** SOURCE DATA follows **

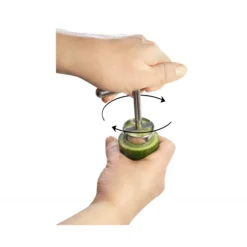 La Bonne Graine Evideur Fruits et Légumes Le Petit Farceur Inox New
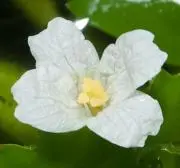 花びし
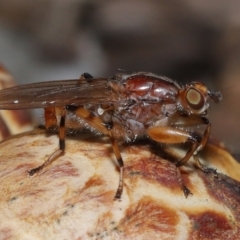 Tapeigaster annulipes (heteromyzid fly) at Yarralumla, ACT - 15 Jun 2024 by TimL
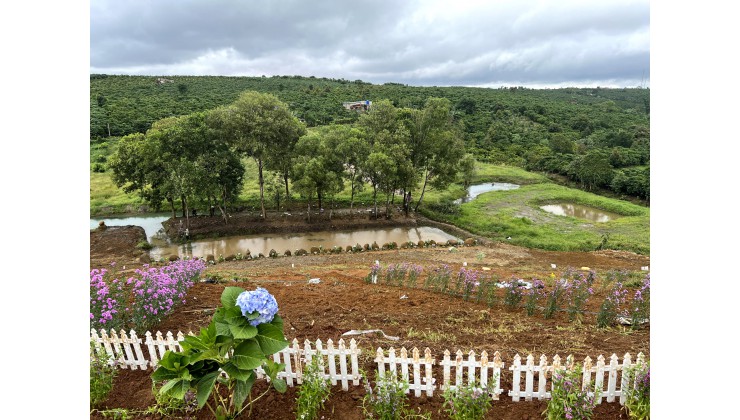 VILLA BẢO LỘC MANG TÊN SÀNH VILLATHIÊN ĐƯỜNG NGHỈ DƯỠNG THỨ 2 ĐÀ LẠT - SỞ HỮU NGAY CHỈ CHỈ 1 TỶ / CĂN.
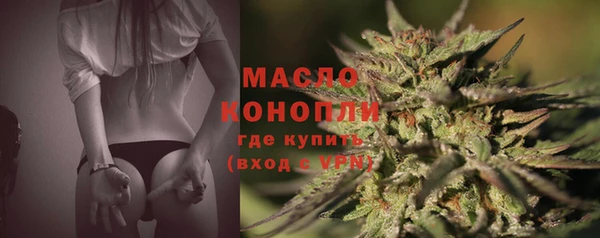 сатива Волосово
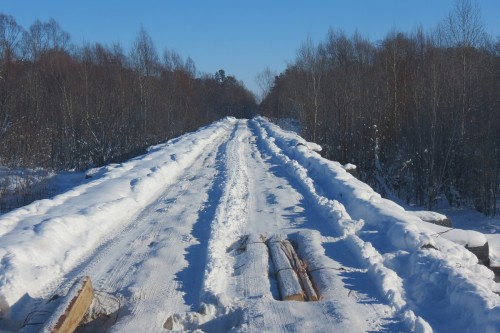 Вид моста через Кур!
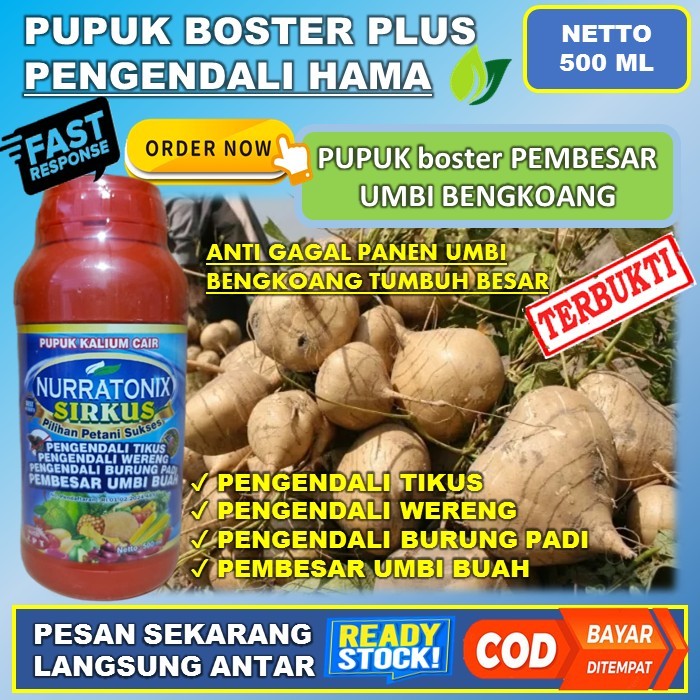 Pupuk Paling Ampuh Tanaman Bengkoang - NURRATONIX SIRKUS 500ML - PUPUK pembesar tanaman bengkoang - 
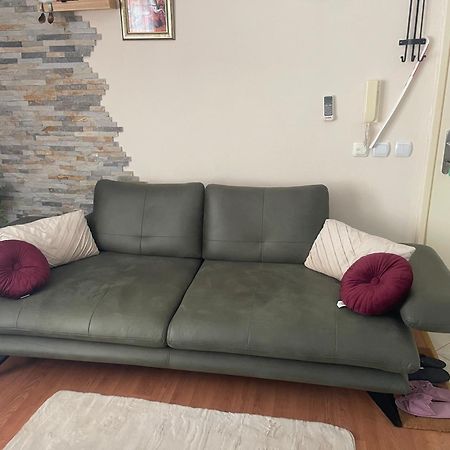 Apartman Gagi ズラティボール エクステリア 写真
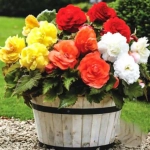 Bulbi de Begonie Double mix multicolor 1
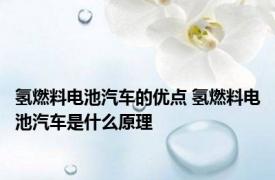 氢燃料电池汽车的优点 氢燃料电池汽车是什么原理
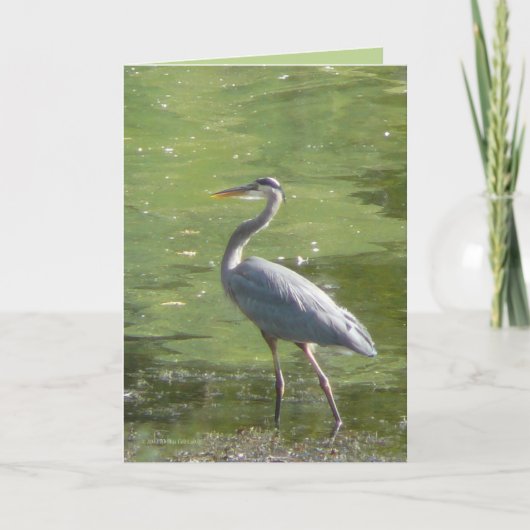 Groene reiger kaart (Voorkant)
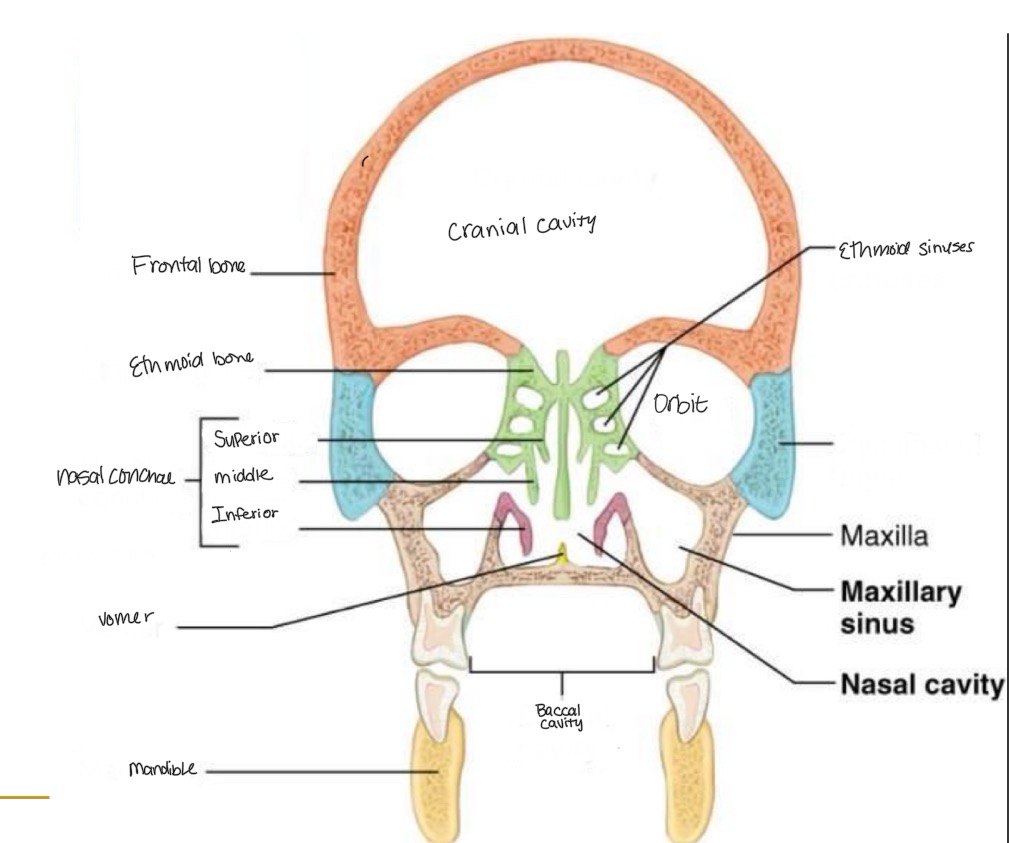 <p><br>label missing word on diagram</p>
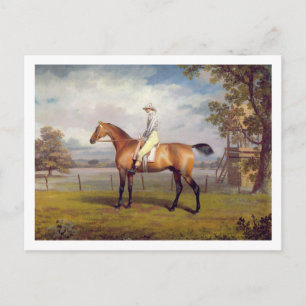 The Duke of Hamilton's Disguise with Jockey Up (oi Postcard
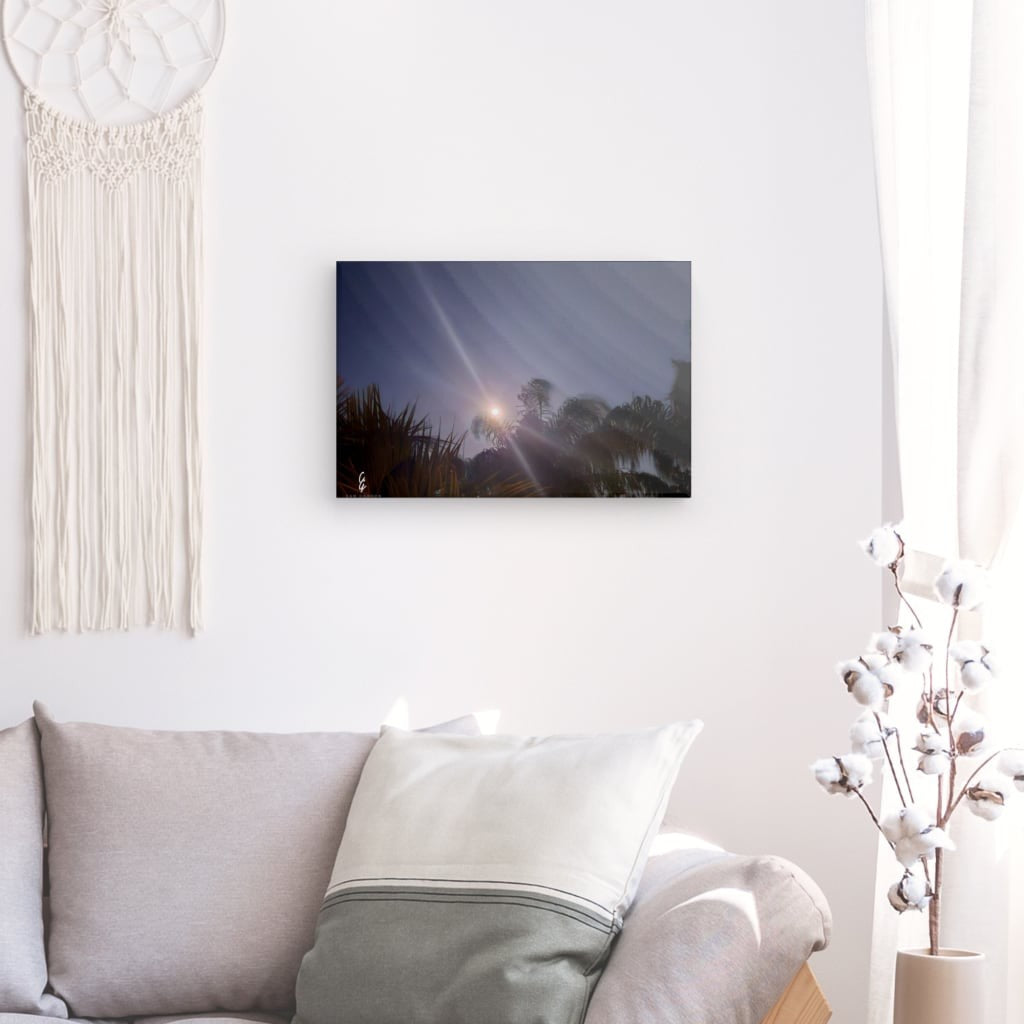 MP.24.008 Canvas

** End of SOURCE DATA **

■ WORK TO COMPLETE:
Pictures are to be left out; the answer must otherwise be exactly the lines from the one with "<p><br>label missing word on diagram</p>" through the final line of the entries above, both included.

■ RESULT FOR THIS TASK:
 <p><br>label missing word on diagram</p>
 The Duke of Hamilton's Disguise with Jockey Up (oi Postcard
 MP.24.008 Canvas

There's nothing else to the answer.